- What this task involves -
Reproduce, word for word, all of the records; the pictures stay out.

Saved data entries:
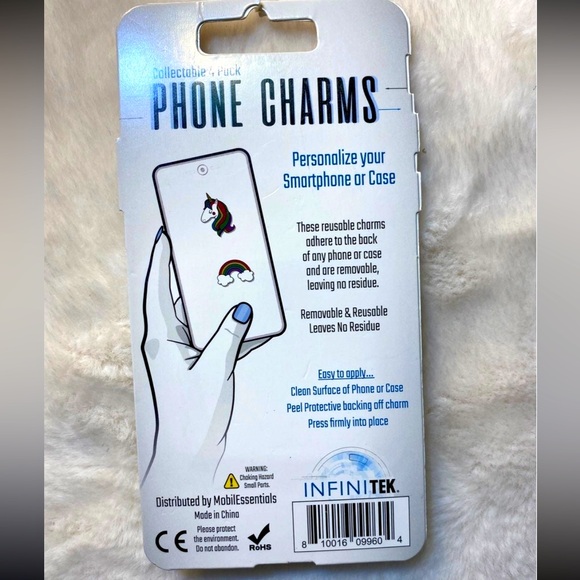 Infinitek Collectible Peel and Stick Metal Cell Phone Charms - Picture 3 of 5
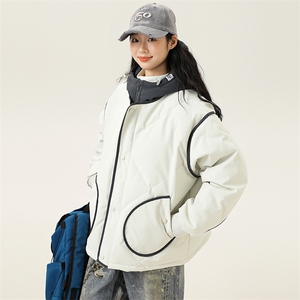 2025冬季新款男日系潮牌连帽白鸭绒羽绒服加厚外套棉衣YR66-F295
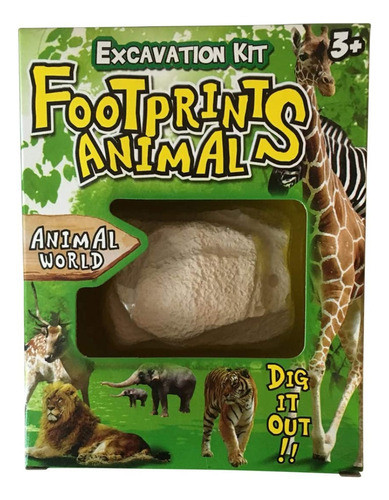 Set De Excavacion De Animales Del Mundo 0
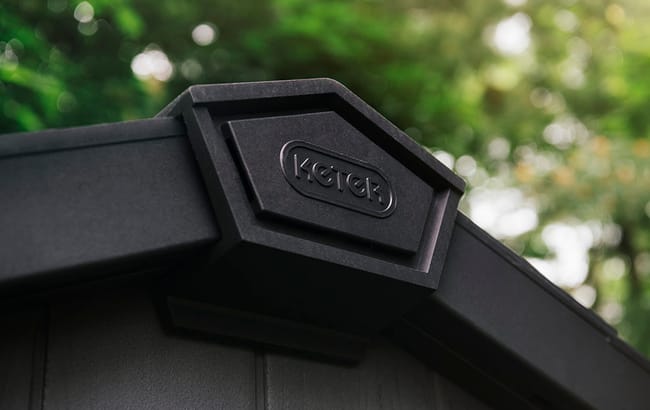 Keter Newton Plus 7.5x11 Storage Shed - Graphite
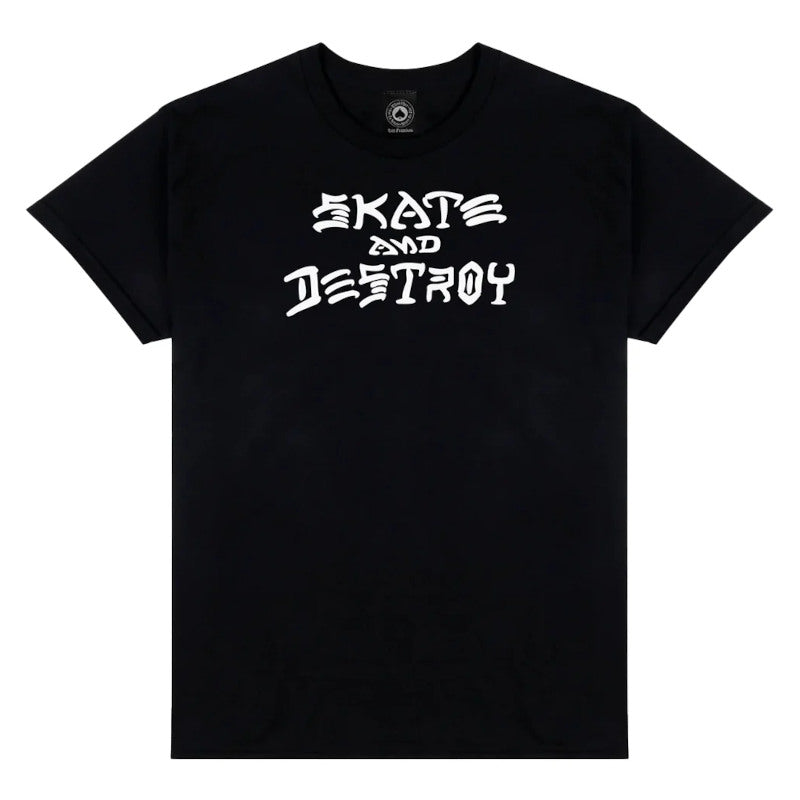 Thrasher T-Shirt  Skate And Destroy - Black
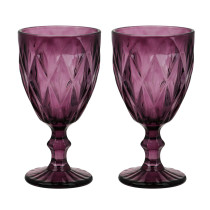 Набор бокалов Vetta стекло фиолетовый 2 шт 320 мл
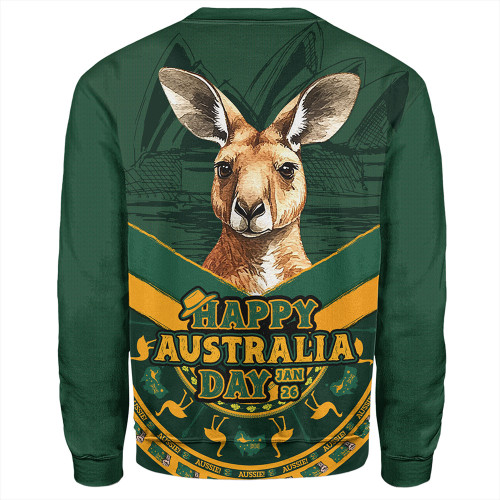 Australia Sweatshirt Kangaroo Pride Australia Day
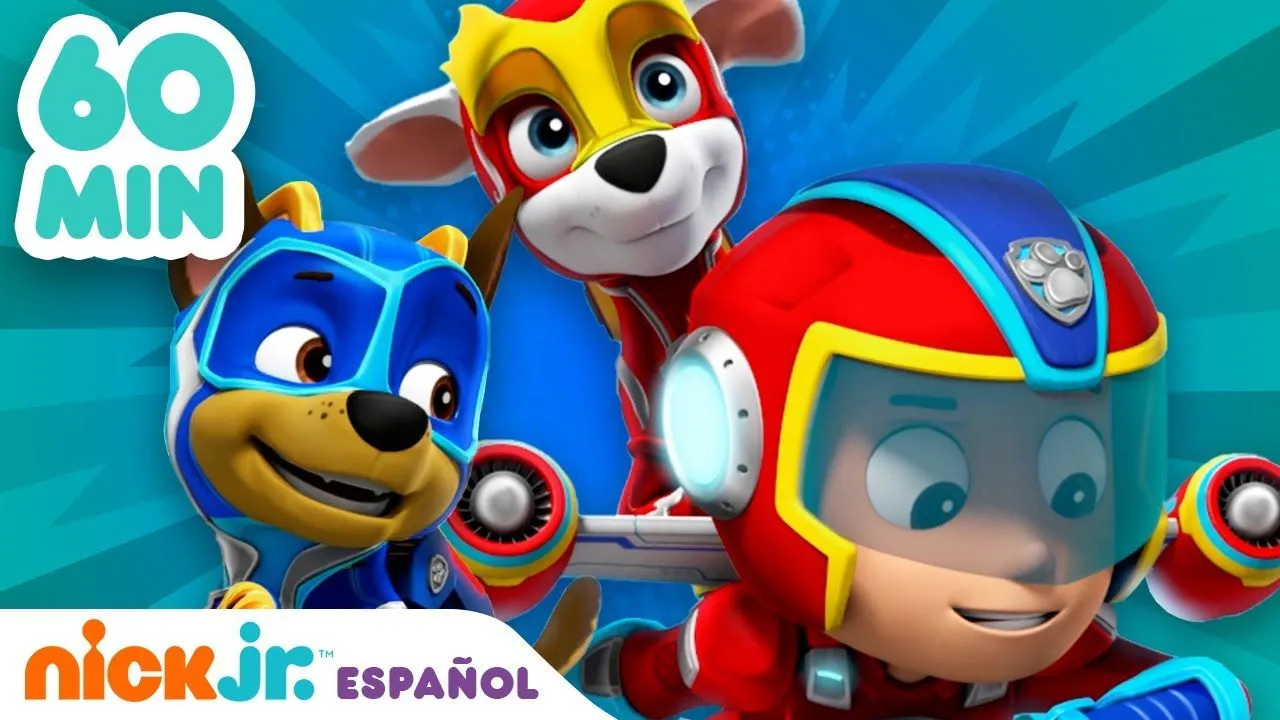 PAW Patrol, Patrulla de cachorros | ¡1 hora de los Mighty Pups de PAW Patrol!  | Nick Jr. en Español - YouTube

- Solution to this exercise -
 Infinitek Collectible Peel and Stick Metal Cell Phone Charms - Picture 3 of 5
 2025冬季新款男日系潮牌连帽白鸭绒羽绒服加厚外套棉衣YR66-F295
 Set De Excavacion De Animales Del Mundo 0
 Keter Newton Plus 7.5x11 Storage Shed - Graphite
 Thrasher T-Shirt  Skate And Destroy - Black
 Набор бокалов Vetta стекло фиолетовый 2 шт 320 мл
 Australia Sweatshirt Kangaroo Pride Australia Day
 PAW Patrol, Patrulla de cachorros | ¡1 hora de los Mighty Pups de PAW Patrol!  | Nick Jr. en Español - YouTube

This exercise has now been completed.